Assessing The COVID-19 Trends In Pakistan Using Predictive Machine Learning Techniques: An Empirical Study
Keywords:
COVID-19, Pakistan, COVID-19 trends in Pakistan, machine learning, Predictive Machine Learning TechniqueAbstract
The Coronavirus (also referred to as COVID-19) which started in Wuhan, China on December 2019 has taken the world by storm. Scientists across the globe have used epidemiological models to predict the spread of the virus along with the death rate and make different outbreak predictions. Also, prediction models have been utilized for new policies to control the spread of the virus. Because of the complex and irregular nature of the virus, it has been hard to forecast the trends in different nations specially using conventional mathematical models such as the SIR (Susceptible Infected resistant) model.
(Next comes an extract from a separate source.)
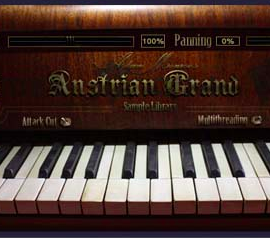 Adam Monroe Music Austrian Grand Piano VST AU AAX v1.7 [WiN-MAC]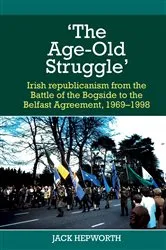 Book cover of 'The Age-Old Struggle' by Jack Hepworth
Therefore, this study analyzes the five waves of COVID-19 that have hit Pakistan since February 2020 using Machine Learning models. Advanced predictive models Predictive models such as Logistic Growth and Autoregressive Integrated Moving Average model (ARIMA) are utilized for predicting and modeling contagion spread trends. The study uses these models to capture the variation in the incidence of daily cases in each province of Pakistan. The time-series data utilized for this study is obtained from the official website of the government of Pakistan; consisting of daily caseload for each region of Pakistan. There are two main contributions of the paper: first, it compares the modeling accuracy of two widely used disease growth models ARIMA, and Logistic Growth Model, in the case of Pakistan. Secondly, it recommends the model better suited for datasets similar to Pakistan, which have fluctuations in numbers. One of the main limitation of this research is that although, one solution for this uncertainty has been the use of Machine Learning predictive techniques, limited data is available for Pakistan. The findings of this research indicated that the logistic model could not model everyday COVID-19 case numbers effectively for the overall pandemic wave, and the model tried to decrease the error, producing an inaccurate plot. However, it showed better results when the waves were divided into smaller sections. The RMSE were less compared to the ARIMA Model. Lastly, the researcher also recommends other models which could be utilized for further modeling of COVID-19 trends in Pakistan.